From the top of the records below, return each line exactly, ending with the line that contains "Maxi dresses with".
----------
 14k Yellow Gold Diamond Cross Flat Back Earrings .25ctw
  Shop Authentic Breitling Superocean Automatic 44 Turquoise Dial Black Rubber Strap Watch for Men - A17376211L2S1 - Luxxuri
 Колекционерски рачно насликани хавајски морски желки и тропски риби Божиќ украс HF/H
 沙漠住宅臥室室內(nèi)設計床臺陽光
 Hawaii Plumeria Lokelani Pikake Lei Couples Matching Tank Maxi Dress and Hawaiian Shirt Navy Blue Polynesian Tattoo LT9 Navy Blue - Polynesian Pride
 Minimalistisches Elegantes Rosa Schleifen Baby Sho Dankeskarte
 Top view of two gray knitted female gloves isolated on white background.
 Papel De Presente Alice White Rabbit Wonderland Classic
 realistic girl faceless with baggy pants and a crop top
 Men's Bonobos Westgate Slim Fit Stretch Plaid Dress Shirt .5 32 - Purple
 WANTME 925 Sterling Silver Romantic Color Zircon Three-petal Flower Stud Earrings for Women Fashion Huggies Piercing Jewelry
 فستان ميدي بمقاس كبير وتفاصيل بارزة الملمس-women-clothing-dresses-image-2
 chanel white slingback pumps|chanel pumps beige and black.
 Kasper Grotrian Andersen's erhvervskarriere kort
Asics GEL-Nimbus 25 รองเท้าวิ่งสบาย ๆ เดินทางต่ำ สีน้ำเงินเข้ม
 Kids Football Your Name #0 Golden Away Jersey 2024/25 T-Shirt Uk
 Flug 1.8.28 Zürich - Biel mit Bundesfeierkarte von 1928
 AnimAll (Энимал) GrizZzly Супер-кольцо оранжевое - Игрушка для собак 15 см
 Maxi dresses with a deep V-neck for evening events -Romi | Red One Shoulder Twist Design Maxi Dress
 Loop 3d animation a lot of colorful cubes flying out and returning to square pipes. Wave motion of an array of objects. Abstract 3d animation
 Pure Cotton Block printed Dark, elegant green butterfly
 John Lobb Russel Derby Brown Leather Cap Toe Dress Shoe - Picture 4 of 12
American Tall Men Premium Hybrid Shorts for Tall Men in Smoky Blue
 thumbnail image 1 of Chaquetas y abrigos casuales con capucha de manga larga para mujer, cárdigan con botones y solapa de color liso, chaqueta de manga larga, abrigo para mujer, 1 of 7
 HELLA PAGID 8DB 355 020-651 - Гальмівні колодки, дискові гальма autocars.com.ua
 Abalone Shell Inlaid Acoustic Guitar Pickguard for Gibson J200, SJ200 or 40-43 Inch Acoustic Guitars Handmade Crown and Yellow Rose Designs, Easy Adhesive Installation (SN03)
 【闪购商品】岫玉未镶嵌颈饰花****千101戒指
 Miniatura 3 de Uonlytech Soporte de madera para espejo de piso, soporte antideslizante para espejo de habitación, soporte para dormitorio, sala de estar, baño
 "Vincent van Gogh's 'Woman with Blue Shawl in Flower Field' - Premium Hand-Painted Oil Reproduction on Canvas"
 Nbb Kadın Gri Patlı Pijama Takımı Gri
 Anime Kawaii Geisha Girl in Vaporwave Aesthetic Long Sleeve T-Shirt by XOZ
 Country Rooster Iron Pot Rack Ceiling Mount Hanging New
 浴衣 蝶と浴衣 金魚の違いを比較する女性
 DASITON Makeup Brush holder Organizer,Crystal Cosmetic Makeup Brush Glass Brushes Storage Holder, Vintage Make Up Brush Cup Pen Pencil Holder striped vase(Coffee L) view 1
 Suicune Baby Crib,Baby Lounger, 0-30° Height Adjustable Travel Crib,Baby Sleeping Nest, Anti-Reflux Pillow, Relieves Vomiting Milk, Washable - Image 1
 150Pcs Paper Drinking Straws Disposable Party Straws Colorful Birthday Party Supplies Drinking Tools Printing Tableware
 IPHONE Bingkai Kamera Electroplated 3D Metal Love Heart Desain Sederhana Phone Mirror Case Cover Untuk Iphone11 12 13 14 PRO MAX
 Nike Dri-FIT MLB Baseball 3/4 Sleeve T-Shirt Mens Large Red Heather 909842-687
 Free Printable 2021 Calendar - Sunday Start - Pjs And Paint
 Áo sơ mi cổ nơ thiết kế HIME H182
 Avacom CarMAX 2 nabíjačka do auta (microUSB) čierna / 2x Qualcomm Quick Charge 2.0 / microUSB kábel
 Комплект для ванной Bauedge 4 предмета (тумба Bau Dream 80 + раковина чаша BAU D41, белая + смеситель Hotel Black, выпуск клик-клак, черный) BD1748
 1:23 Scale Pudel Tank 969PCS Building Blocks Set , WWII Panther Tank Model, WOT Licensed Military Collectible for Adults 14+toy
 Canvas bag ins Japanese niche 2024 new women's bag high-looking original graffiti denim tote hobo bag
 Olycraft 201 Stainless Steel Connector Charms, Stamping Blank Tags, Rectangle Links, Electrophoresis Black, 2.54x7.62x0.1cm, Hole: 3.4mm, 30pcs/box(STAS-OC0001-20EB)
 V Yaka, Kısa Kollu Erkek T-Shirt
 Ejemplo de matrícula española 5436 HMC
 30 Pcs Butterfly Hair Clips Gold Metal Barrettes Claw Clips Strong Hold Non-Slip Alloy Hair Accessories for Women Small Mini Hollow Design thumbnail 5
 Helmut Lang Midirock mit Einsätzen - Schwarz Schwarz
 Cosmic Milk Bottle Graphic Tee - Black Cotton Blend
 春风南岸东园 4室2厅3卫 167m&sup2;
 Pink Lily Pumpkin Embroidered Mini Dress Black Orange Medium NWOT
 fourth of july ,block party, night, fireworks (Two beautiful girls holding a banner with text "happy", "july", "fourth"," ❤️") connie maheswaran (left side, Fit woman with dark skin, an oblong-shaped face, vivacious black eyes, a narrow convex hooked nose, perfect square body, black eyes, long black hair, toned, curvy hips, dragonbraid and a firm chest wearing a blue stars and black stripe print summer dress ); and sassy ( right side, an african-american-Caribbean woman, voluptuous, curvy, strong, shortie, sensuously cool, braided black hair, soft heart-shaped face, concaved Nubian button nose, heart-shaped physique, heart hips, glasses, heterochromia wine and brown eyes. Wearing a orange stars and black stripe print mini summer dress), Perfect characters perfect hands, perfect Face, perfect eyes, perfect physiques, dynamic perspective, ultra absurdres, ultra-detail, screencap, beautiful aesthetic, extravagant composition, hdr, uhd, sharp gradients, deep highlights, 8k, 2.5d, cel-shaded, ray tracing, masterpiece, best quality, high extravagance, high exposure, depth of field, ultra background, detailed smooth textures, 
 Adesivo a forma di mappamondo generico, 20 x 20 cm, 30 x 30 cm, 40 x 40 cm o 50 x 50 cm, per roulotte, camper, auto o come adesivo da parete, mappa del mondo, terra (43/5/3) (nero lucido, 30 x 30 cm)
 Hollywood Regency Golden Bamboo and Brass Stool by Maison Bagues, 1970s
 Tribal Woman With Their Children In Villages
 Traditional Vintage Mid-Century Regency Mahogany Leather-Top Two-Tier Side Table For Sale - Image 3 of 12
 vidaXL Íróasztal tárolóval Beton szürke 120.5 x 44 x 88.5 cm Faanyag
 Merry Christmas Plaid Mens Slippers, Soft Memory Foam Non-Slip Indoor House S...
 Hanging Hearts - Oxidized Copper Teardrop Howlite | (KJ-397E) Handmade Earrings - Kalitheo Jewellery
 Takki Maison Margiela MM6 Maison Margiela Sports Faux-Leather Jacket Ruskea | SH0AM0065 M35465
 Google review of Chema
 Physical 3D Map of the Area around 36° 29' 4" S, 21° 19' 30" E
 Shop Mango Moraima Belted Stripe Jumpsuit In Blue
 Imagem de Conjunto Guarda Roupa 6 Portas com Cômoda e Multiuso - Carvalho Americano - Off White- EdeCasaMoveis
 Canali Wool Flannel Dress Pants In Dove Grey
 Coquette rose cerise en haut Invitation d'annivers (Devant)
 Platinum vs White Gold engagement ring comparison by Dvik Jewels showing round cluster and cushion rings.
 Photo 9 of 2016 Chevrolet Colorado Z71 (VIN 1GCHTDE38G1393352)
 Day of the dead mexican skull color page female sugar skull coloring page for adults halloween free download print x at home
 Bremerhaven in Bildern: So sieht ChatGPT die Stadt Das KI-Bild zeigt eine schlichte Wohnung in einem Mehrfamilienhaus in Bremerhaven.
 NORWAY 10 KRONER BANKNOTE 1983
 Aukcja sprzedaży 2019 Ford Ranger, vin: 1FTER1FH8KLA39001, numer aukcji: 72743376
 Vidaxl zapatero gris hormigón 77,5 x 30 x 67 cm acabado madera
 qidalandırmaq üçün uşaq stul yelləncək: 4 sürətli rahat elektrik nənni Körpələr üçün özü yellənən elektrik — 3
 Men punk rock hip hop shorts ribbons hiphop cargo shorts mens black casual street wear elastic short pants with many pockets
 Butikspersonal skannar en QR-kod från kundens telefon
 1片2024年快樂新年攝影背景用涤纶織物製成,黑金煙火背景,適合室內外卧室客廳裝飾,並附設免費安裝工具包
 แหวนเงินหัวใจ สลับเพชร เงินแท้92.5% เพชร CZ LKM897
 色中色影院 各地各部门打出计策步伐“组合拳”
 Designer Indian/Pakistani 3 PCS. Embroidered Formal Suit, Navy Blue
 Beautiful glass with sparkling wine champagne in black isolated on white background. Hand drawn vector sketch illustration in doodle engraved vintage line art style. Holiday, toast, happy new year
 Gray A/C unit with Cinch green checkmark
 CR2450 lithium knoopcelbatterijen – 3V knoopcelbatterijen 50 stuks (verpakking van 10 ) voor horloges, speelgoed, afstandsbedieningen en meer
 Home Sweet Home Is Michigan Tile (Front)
----------
◆ **Exercise output**:
 14k Yellow Gold Diamond Cross Flat Back Earrings .25ctw
  Shop Authentic Breitling Superocean Automatic 44 Turquoise Dial Black Rubber Strap Watch for Men - A17376211L2S1 - Luxxuri
 Колекционерски рачно насликани хавајски морски желки и тропски риби Божиќ украс HF/H
 沙漠住宅臥室室內(nèi)設計床臺陽光
 Hawaii Plumeria Lokelani Pikake Lei Couples Matching Tank Maxi Dress and Hawaiian Shirt Navy Blue Polynesian Tattoo LT9 Navy Blue - Polynesian Pride
 Minimalistisches Elegantes Rosa Schleifen Baby Sho Dankeskarte
 Top view of two gray knitted female gloves isolated on white background.
 Papel De Presente Alice White Rabbit Wonderland Classic
 realistic girl faceless with baggy pants and a crop top
 Men's Bonobos Westgate Slim Fit Stretch Plaid Dress Shirt .5 32 - Purple
 WANTME 925 Sterling Silver Romantic Color Zircon Three-petal Flower Stud Earrings for Women Fashion Huggies Piercing Jewelry
 فستان ميدي بمقاس كبير وتفاصيل بارزة الملمس-women-clothing-dresses-image-2
 chanel white slingback pumps|chanel pumps beige and black.
 Kasper Grotrian Andersen's erhvervskarriere kort
Asics GEL-Nimbus 25 รองเท้าวิ่งสบาย ๆ เดินทางต่ำ สีน้ำเงินเข้ม
 Kids Football Your Name #0 Golden Away Jersey 2024/25 T-Shirt Uk
 Flug 1.8.28 Zürich - Biel mit Bundesfeierkarte von 1928
 AnimAll (Энимал) GrizZzly Супер-кольцо оранжевое - Игрушка для собак 15 см
 Maxi dresses with a deep V-neck for evening events -Romi | Red One Shoulder Twist Design Maxi Dress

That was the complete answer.